* [ACTIVITY]:
Using the listing below, copy exactly the lines from the one containing "Wireless Keyboard and" to the one containing "五糧液 普五八代 濃香型白酒", both lines included, and no others.

* [MATERIAL SUPPLIED]:
= = = =

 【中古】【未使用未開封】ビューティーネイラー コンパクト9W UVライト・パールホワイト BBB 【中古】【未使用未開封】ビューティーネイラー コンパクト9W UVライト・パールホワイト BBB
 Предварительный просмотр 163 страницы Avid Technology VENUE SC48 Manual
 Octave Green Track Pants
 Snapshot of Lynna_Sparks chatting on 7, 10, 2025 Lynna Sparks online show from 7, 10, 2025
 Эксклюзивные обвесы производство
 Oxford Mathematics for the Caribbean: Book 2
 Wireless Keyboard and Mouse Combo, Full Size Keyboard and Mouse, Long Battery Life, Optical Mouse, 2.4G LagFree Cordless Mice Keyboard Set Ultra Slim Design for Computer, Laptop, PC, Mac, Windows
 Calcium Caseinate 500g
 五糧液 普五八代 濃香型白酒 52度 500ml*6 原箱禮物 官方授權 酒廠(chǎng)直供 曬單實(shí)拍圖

= = = =

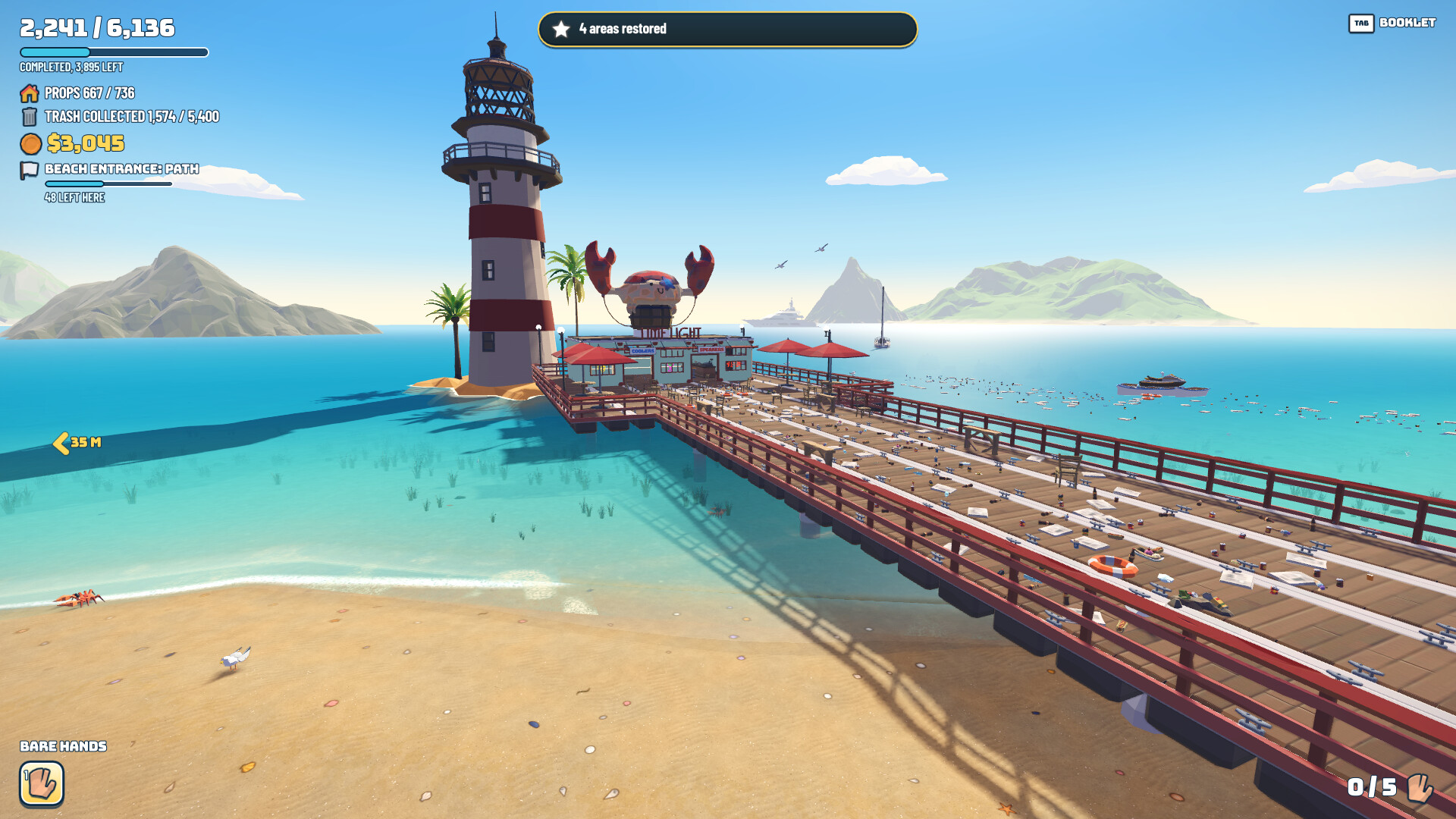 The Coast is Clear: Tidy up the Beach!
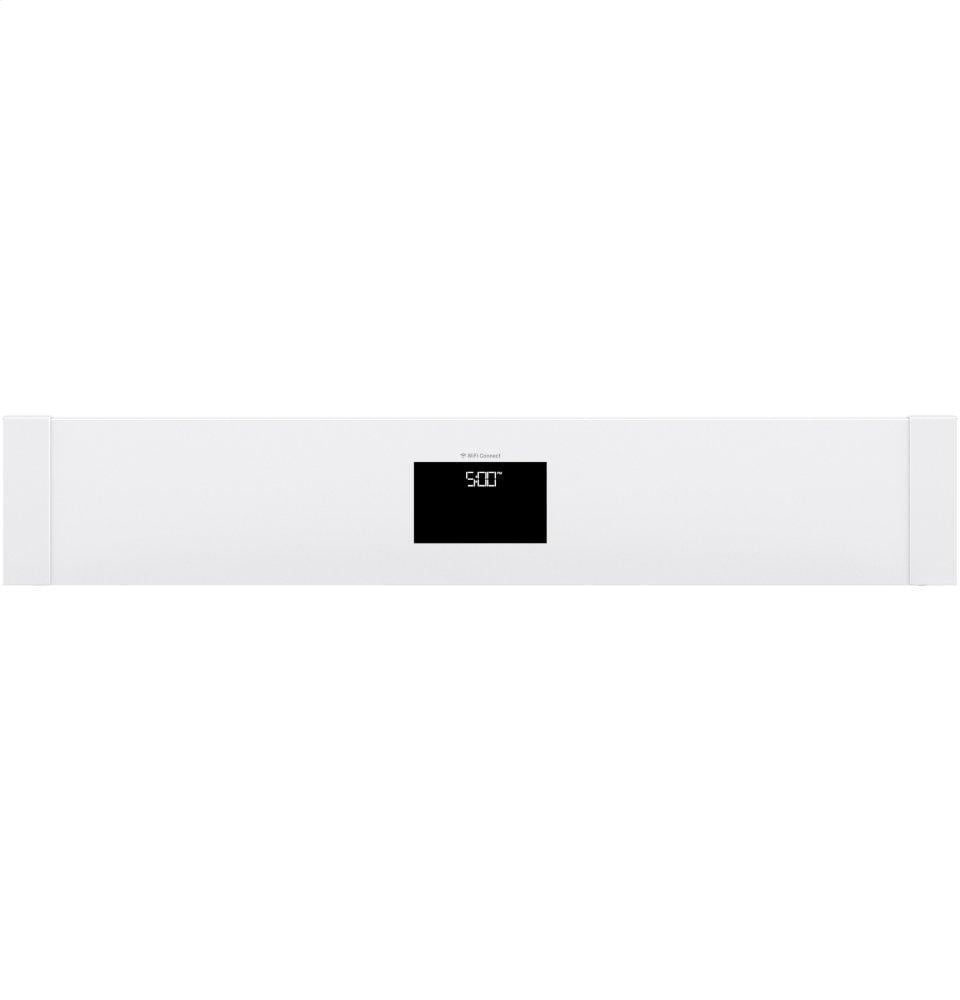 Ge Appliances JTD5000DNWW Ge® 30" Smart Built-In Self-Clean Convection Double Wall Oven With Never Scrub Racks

= = = =

* [RESPONSE TO THE EXERCISE]:
 Wireless Keyboard and Mouse Combo, Full Size Keyboard and Mouse, Long Battery Life, Optical Mouse, 2.4G LagFree Cordless Mice Keyboard Set Ultra Slim Design for Computer, Laptop, PC, Mac, Windows
 Calcium Caseinate 500g
 五糧液 普五八代 濃香型白酒 52度 500ml*6 原箱禮物 官方授權 酒廠(chǎng)直供 曬單實(shí)拍圖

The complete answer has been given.